Rep. Rashida Tlaib (D-Mich.), of the 95-member Congressional Progressive Caucus, called the move a “betrayal” and threatened to vote no on the bipartisan infrastructure bill.

“We will hold the line and vote it down,” Tlaib tweeted Tuesday.

Rep. Rashida Tlaib and other members of the Congressional Progressive Caucus are threatening to vote no on the bipartisan infrastructure bill if Democratic leaders don't keep their promise. (Photo: JIM WATSON via Getty Images)
Rep. Rashida Tlaib and other members of the Congressional Progressive Caucus are threatening to vote no on the bipartisan infrastructure bill if Democratic leaders don't keep their promise. (Photo: JIM WATSON via Getty Images)

Congressional Progressive Caucus leader Rep. Pramila Jayapal (D-Wash.) confirmed the group’s stance in a statement, pledging that “a majority of our members will only vote for the infrastructure bill after the President’s visionary Build Back Better Act passes.”

The fear progressives have is that some moderate Democrats, like Sens. Joe Manchin of West Virginia and Kyrsten Sinema of Arizona, will decline to support a robust reconciliation bill. The two senators are negotiating with Biden over the size of the bill, a number that will ultimately dictate which Democratic priorities make it into the package.

Progressives want some kind of commitment that, if Congress passes the narrower bipartisan deal, it will also pass a broader package that includes progressive priorities like child care, elder care, affordable housing and investments aimed at boosting electric vehicles. Manchin and Sinema have so far been silent on a top-line number. Manchin has even suggested pausing action on the reconciliation bill until next year.

“We would have to have some significant movement for many of us, dozens of us, to be able to vote yes on Thursday,” Rep. Mark Pocan (D-Wis.) said Tuesday on MSNBC.

The intraparty showdown over the Build Back Better Act will put Pelosi’s reputation as a master legislator to the test like never before. In 2010, she held Democrats together to pass the Affordable Care Act, their signature health care law. Pelosi is dealing with a much smaller House majority this time around, however.

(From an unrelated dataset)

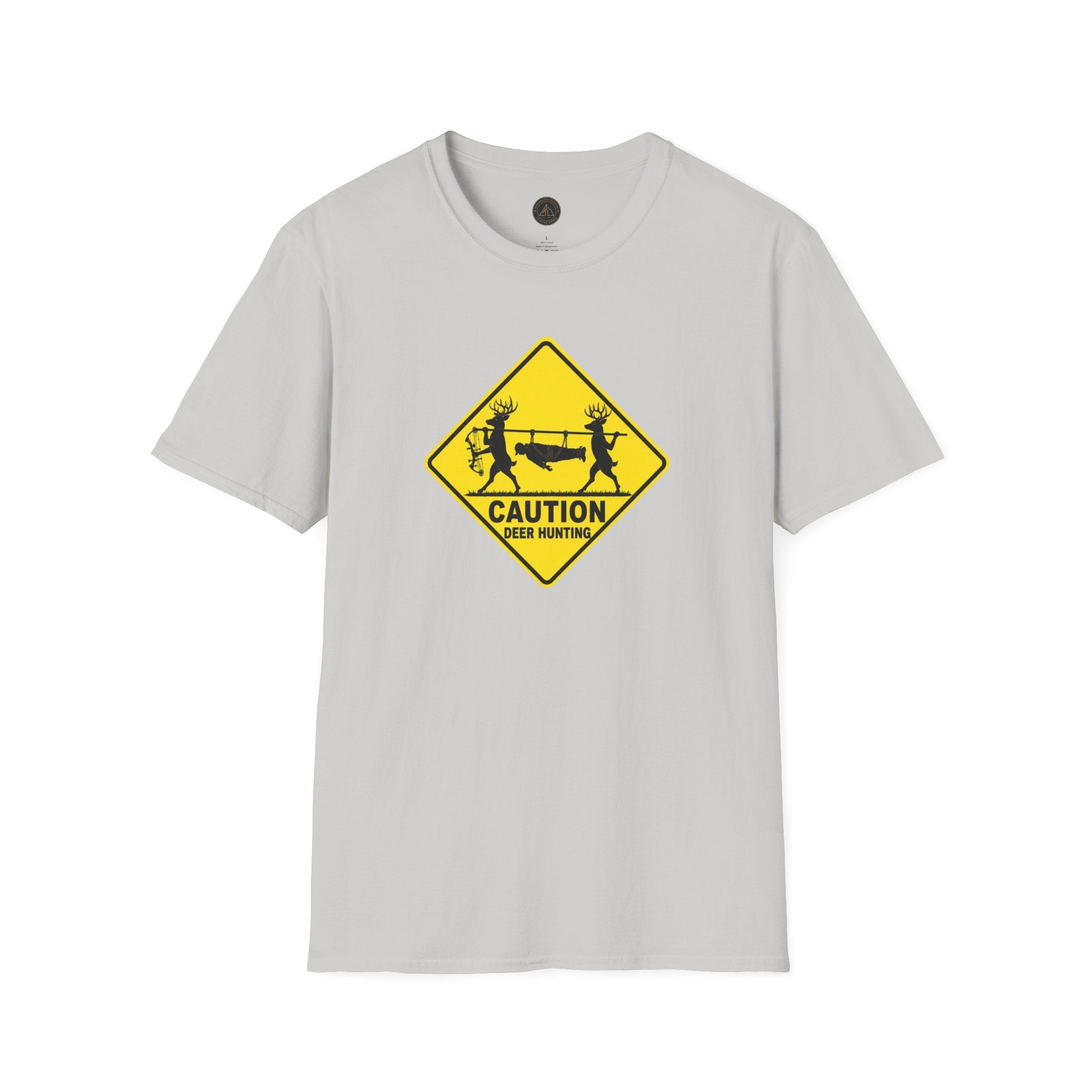 Caution 2 Deer Hunting - Hunter Road Sign Tee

With near-unanimous GOP opposition, Pelosi can afford to lose only a few Democrats on Thursday’s vote on the bipartisan infrastructure bill. If progressives are serious about standing firm and voting no, and it appears they are, she will likely be forced to delay the vote and anger a group of moderates to whom she promised a vote this week.

One way out of the box Democrats find themselves in could be some kind of announcement by Biden, who has been quiet about his preference for which bill he would like to sign first. Biden could offer progressives a way to save face on Thursday’s vote depending on how his conversations with Manchin and Sinema go ― either by reaching an official agreement on the reconciliation package with the moderate Democrats or by outlining some kind of framework for a future deal.

“As I write this to you, negotiations are being led by President Biden to advance his vision,” Pelosi noted in a letter to Democratic lawmakers on Tuesday. “The President takes a pride in his agenda, which is shared overwhelmingly by House and Senate Democrats, which creates jobs, gives tax cuts for the middle class, lowers costs for health care and is paid by making the wealthiest few and big corporations pay their fair share.”

Still, some progressives said they couldn’t help but feel like the rug had been pulled out from under them given prior assurances Pelosi and other Democratic leaders had made about linking the passage of the two pieces of Biden’s agenda.

“I voted for the bipartisan infrastructure bill under the impression that the two were tied together. Had I known they weren’t, I might have approached it differently,” Sen. Chris Murphy (D-Conn.) told HuffPost. “I get it, circumstances change, but there’s no doubt it’s frustrating for those of us who believe it would have been better keeping them together.”

“We had a deal,” Sen. Elizabeth Warren (D-Mass.) added. “And that deal was in place long before we voted here in the Senate.”